Great deals on Dunlop Crybaby Wah Guitar Wah & Volume Pedals. It's a great time to upgrade your home music studio gear with the largest selection at eBay.com. Fast & Free shipping on many items!



					rover.ebay.com


----------



## Chuck D. Bones (Oct 10, 2019)

I'm skeptical.  They have an advertised 10% adjustment range, which in a tuned circuit gives you a 5% frequency variation.  That's barely noticeable in an audio filter.  These ferrite core inductors usually have _at least_ a 5% variation from unit to unit. I think it's a gimmick and one more thing to go wrong.


----------



## K Pedals (Oct 10, 2019)

Chuck D. Bones said:


> I'm skeptical.  They have an advertised 10% adjustment range, which in a tuned circuit gives you a 5% frequency variation.  That's barely noticeable in an audio filter.  These ferrite core inductors usually have _at least_ a 5% variation from unit to unit. I think it's a gimmick and one more thing to go wrong.


Ok good to know...
Mammoth jacked theirs up...


----------



## Chuck D. Bones (Oct 10, 2019)

Well that's bogus.  I was shopping on their site last month and there was an 50% off sale going on. No advance notice, no indication of when it started or ended.  Pretty much everything except enclosures was on sale. I loaded up my shopping cart and hit the checkout button before the deal disappeared.


----------



## K Pedals (Oct 10, 2019)

Chuck D. Bones said:


> Well that's bogus.  I was shopping on their site last month and there was an 50% off sale going on. No advance notice, no indication of when it started or ended.  Pretty much everything except enclosures was on sale. I loaded up my shopping cart and hit the checkout button before the deal disappeared.


Yeah I did too...
I bought a lot of potentiometers and hardly none of them had hardware ...


----------



## Chuck D. Bones (Oct 10, 2019)

I hear ya.  My last pile o' pots from them had the nuts & washers in a separate bag.  Only problem was there were 10 more pots than there were nuts & washers.  All of the pedal parts vendors I've dealt with have messed up an order at least once, and they've always apologized and made it right.  Small Bear shipped me someone else's order once instead of mine.  When I brought it to their attention, they sent my correct order out Fedex overnite.
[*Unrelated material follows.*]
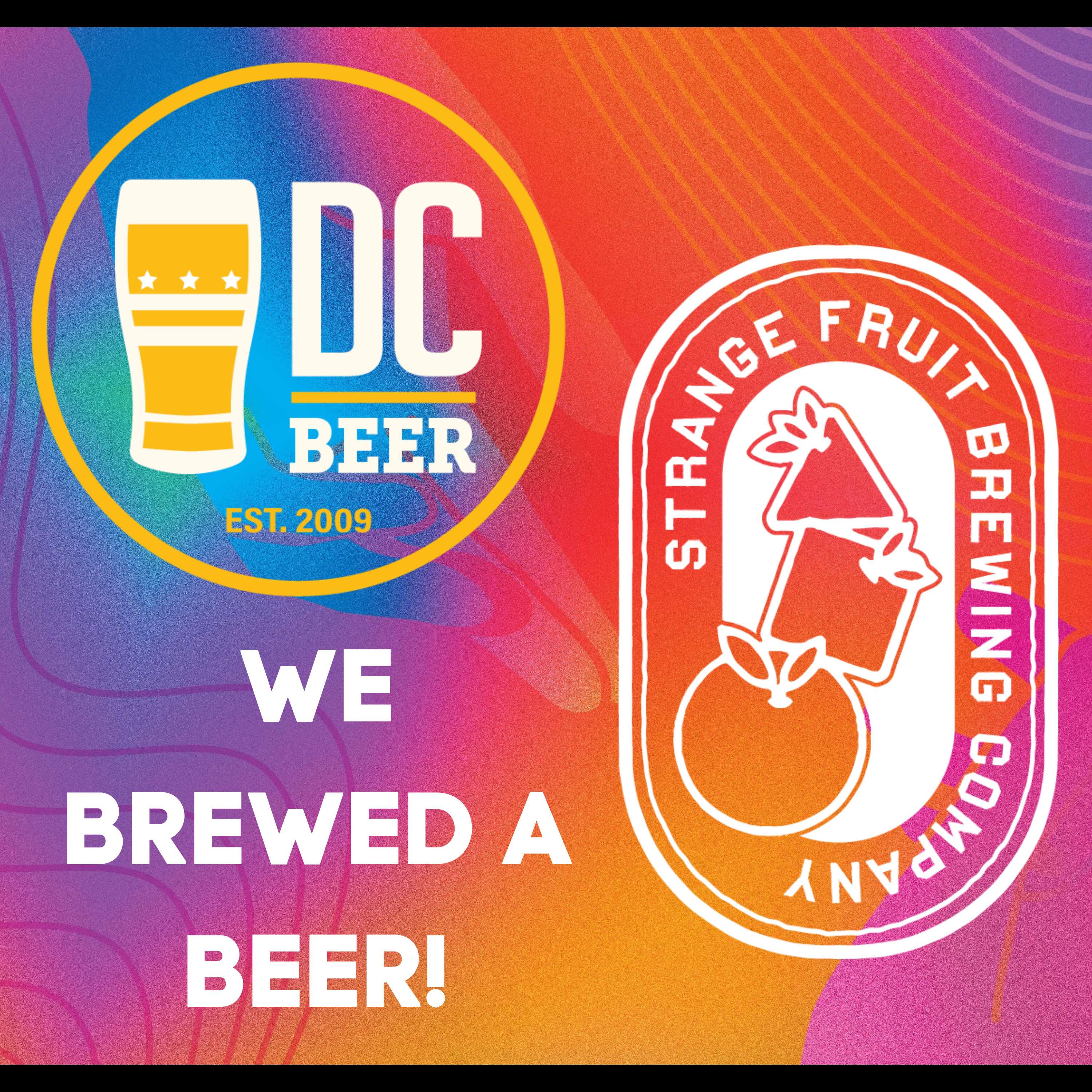 The DC Beer Show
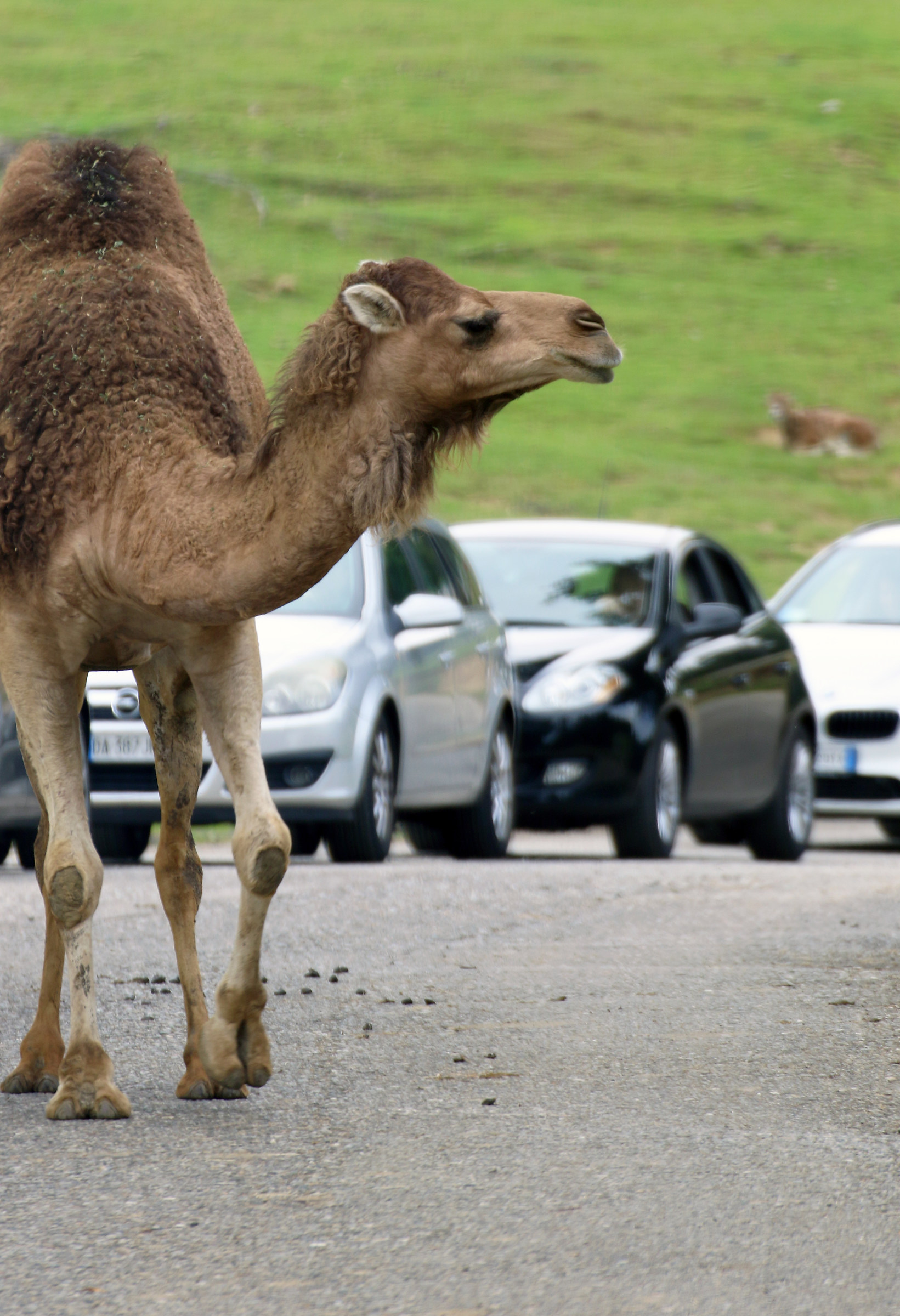 That's who makes the traffic ...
Talk about above and beyond!  Digikey may be a a little more expensive, but they are quick, their parts are top-notch and they've never screwed up one of my orders. [knock on rosewood]


----------



## Nostradoomus (Oct 10, 2019)

DigiKey is my go to, they’re just a ridiculously efficient company. I’m fine paying the extra cash as I don’t end up doing massive unnecessary Tayda orders anymore. I was huge into quantity over quality before.


----------



## K Pedals (Oct 10, 2019)

Chuck D. Bones said:


> I hear ya.  My last pile o' pots from them had the nuts & washers in a separate bag.  Only problem was there were 10 more pots than there were nuts & washers.  All of the pedal parts vendors I've dealt with have messed up an order at least once, and they've always apologized and made it right.  Small Bear shipped me someone else's order once instead of mine.  When I brought it to their attention, they sent my correct order out Fedex overnite. Talk about above and beyond!  Digikey may be a a little more expensive, but they are quick, their parts are top-notch and they've never screwed up one of my orders. [knock on rosewood]


Yeah I’ve never ordered from digikey I’ve been on their site but I always ended up ordering from mouser... I might try them out in the future... yeah I’ve had some messed up orders for sure but never as bad as mammoth... they actually messed up like 4 orders in a row... which they were having that sell and super busy but I’ve had problems with them in the past too...


----------



## Nostradoomus (Oct 10, 2019)

I’d try Mouser if they took PayPal, that’s why I use DigiKey haha. Also the 8 dollar next day delivery is a HUGE plus.


----------



## K Pedals (Oct 11, 2019)

Nostradoomus said:


> I’d try Mouser if they took PayPal, that’s why I use DigiKey haha. Also the 8 dollar next day delivery is a HUGE plus.


Yeah next day for $8 is awesome ...
I think mouser does take PayPal ... 
they have 2 day delivery for $8


----------



## Nostradoomus (Oct 11, 2019)

Oh they didn’t last time I checked, investigation time!


----------